All scientific literature out there, as per IPCC and the whole rest, all the USA agency reports in these matters, all the testimony before Congress, and also the position of the USA Federal government, and the POTUS also, do not support such as opinions and assumptions……further more not even the Paris Accord does support such opinions that this case is based on…….simple as that….not even the science of Mann or Hansen, as far as their literature on this case consist about……,no any bases in fact or evidence, that these opinions this case happens to be standing upon…..
But hey still for some case of the fairness clause consideration, still a Court may allow such a case to go through for a judicial, passing the hearing…….and that will be really really funny…:)
ristvan, hope you get the means of my point made here..
cheers

whiten
Reply to  whiten
March 8, 2018 12:57 pm

please Mods if you could find some kindness in your hearts, can you correct the above from “layer” to “lawyer”, please!
Looks really bad….:)

ccscientist
March 8, 2018 7:49 am

There are specific legal requirements for bond offerings, corp annual reports, etc. Only in the past few years has the SEC required companies to report risks to their company from regulations (like clean power plan). There is no requirement for companies to speculate about climate change 100 years in the future, and if they did the SEC would probably punish them for it. They are not research institutes and unlike tobacco, they are not the repositories of special information on climate change. If companies do make political policy preferences, then the same Left yells about corporate interference, and yells about the Citizens United decision. Oil is a legal product and it is the consumption of it that is raising CO2 levels. There is no action oil companies could have taken that would satisfy the litigants. If the lawsuits succeed it will raise the price of almost everything and hurt the poor most.

T port
March 8, 2018 8:09 am

These suits are one of the best arguments for Trumps withdrawal from the Paris agreement.

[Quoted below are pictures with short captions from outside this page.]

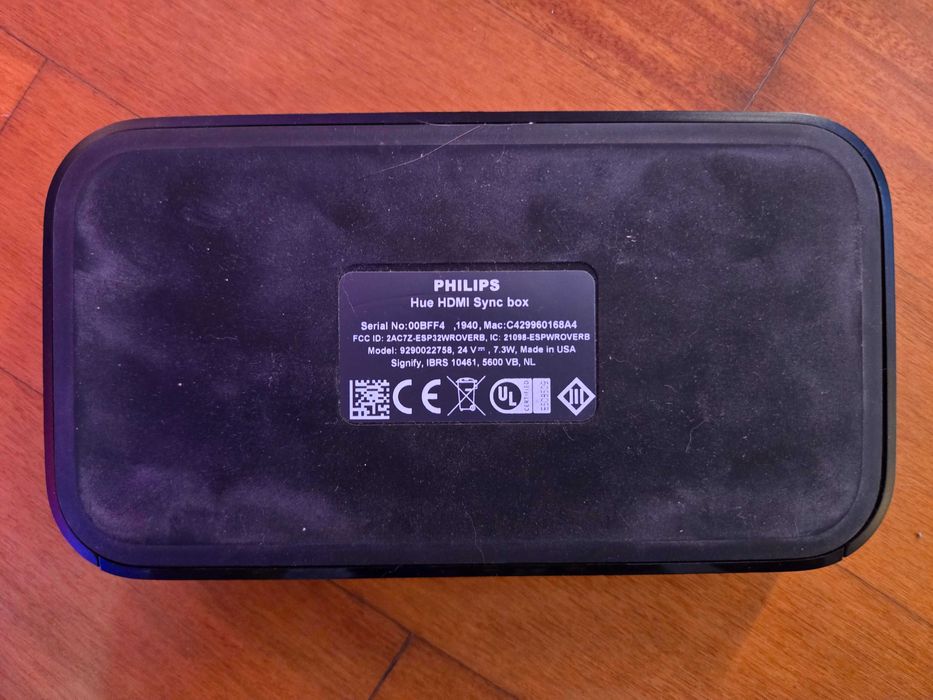 Caixa de Sincronização de Luzes Philips Hue Play HDMI Sync Box 4K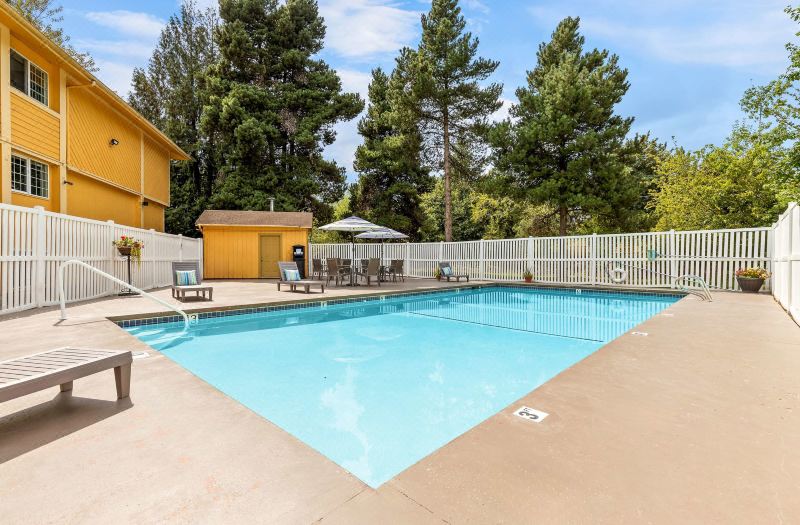 Best Western Plus Parkway Inn photo 2
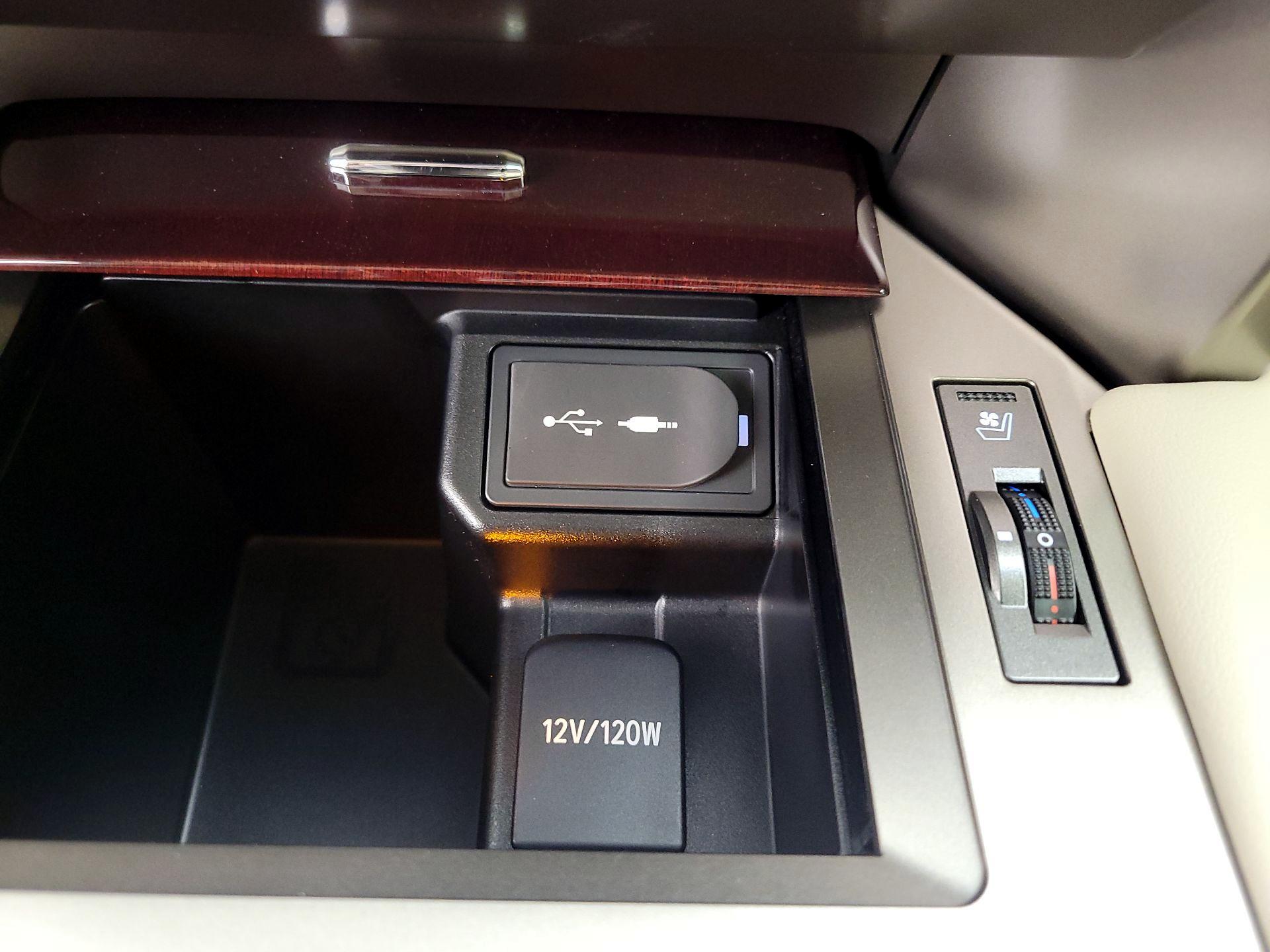 Thumbnail: 2018 Lexus GX - 19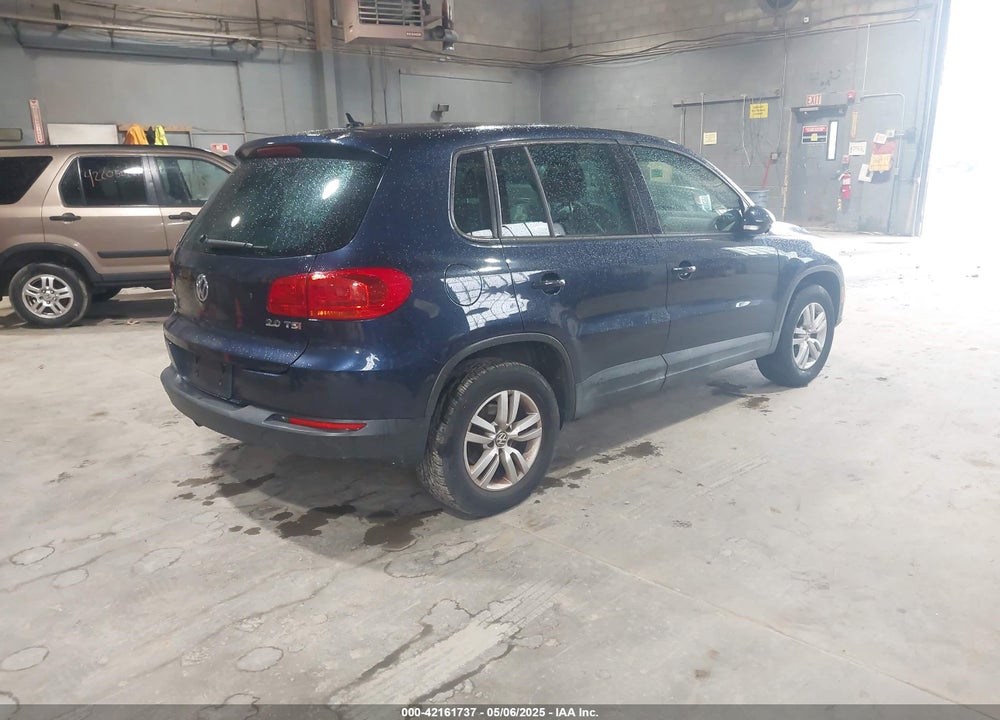 2012 VOLKSWAGEN TIGUAN VIN: WVGAV7AX7CW579544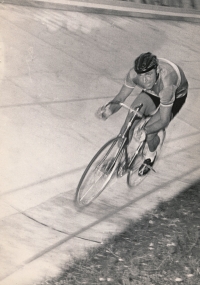 Jiří Daler při stíhacím závodě zhruba v období tokijské olympiády, 1964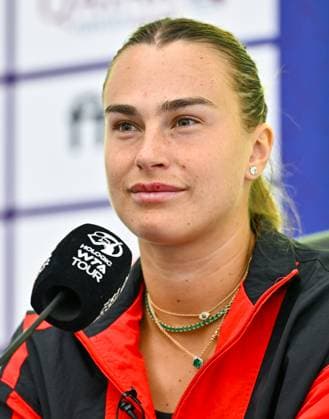 Aryna Sabalenka of Belarus press conference, PK, Pressekonferenz Aryna Sabalenka of Belarus talks to the media during a press conference ahead of the WTA, Tennis Damen Qatar TotalEnergies Open 2025 tennis tournament at the Khalifa International Tennis Complex in Doha, Qatar, on February 09, 2025. DOHA Qatar Copyright: xNoushadxThekkayilx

If we enter into an actual treaty it’s only a matter of time until the entire world finds a way to sue the U.S energy industry into bankruptcy – and maybe the U.S. government as well. The trend is clear.

HDHoese
March 8, 2018 8:22 am

This is not just about climate. Not without exception, the Gulf of Mexico oil industry has been more than generous, even long before the spill. Last report I saw had the Louisiana oyster fishery making as much money from them as from oysters. There have been too many questionable cases, aided to some extent by consultants, some poorly trained and experienced. The water is muddy as are lots of settlements. Unfortunately, this has obscured the understanding of actual effects.
The press seems quiet about recent spill studies. It could have something to do with oil being biodegradable, sometimes a fertilizer. Also, the clean-up may have been worse than the spill and separating ‘natural’ causes difficult.

March 8, 2018 11:05 am

Suing a company for being responsible for weather events that have yet to occur and cannot be foretold and for withholding the truth about climate change when the truth is unknown is beyond absurd.
A growing body of scientists worldwide now predicts that the global temperature over the next several decades will likely decline, in which case, current environmental policies would be diametrically opposite from the right policies and result in the waste trillions of misspent dollars.
The mass media, which is scientifically illiterate or outright lying, is driving the scientific narrative on climate change. How messed up can a country get? Intellectual discussion as a means of solving problems has been replaced with extortion by litigation for the New Left, right out of Saul Alinsky’s Rules for Radicals.